Latest issue of Federal Sentencing Reporter now (partially freely) available

This new latest issue of the Federal Sentencing Reporter includes a number of pieces on alternatives to incarceration, which I have described as a topic that seems at once forgotten and yet ever-present in the federal sentencing system.  FSR's publishers have graciaiously agree to make some of the materials in this new issue free to download for a limited time.  Since I help edit FSR, I view all the pieces in this new issue as "must reads," though folks may be especially interested in FSR's reprinting of notable speeches by US Sentencing Commission Chair Judge Carlton W. Reeves and BOP director Colette Peters which were delivered at the Center for Justice and Human Dignity’s October 2023 Summit “Rewriting the Sentence II.”

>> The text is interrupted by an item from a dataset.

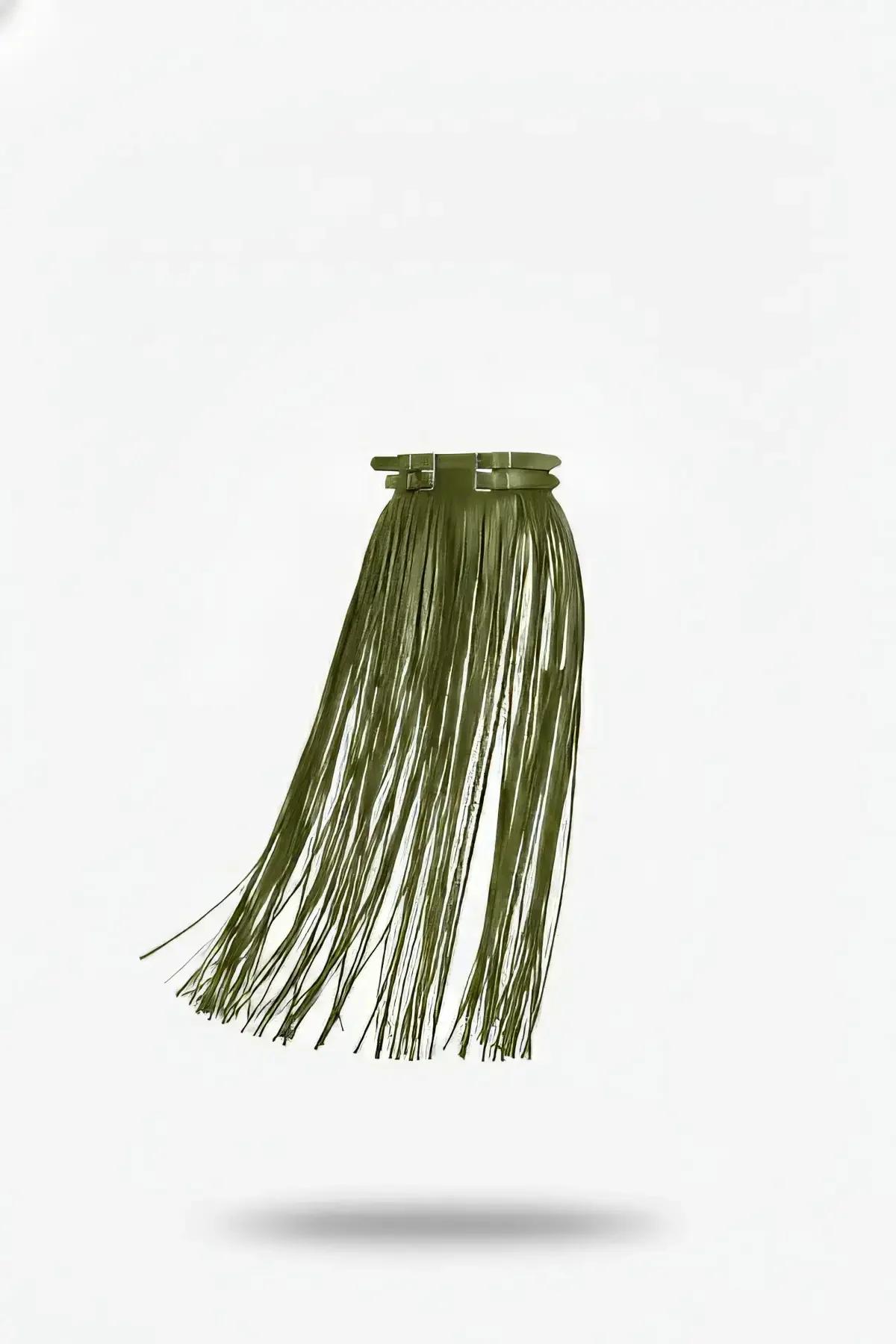 Fringe Waist Harness with Vegan Leather Tassels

My brief introduction to this FSR issue, which is titled "A New Alternatives Agenda for the U.S. Sentencing Commission?," starts this way:

Data from the U.S. Sentencing Commission indicate that over a third of all sentenced federal defendants have no criminal history and that the vast majority of federal sentencings are for nonviolent offenses.  These realities might lead one to expect a significant number of federal sentences to involve alternatives to imprisonment, particularly given Congress’s instruction to the Commission that the sentence guidelines should ‘‘reflect the general appropriateness of imposing a sentence other than imprisonment in cases in which the defendant is a first offender who has not been convicted of a crime of violence or an otherwise serious offense.’’  But, in fact, over nine of every ten federal sentences involve a term of imprisonment; nearly all federal sentencings focuses on how long a defendant will be sent to prison, not whether he could be adequately punished without imprisonment.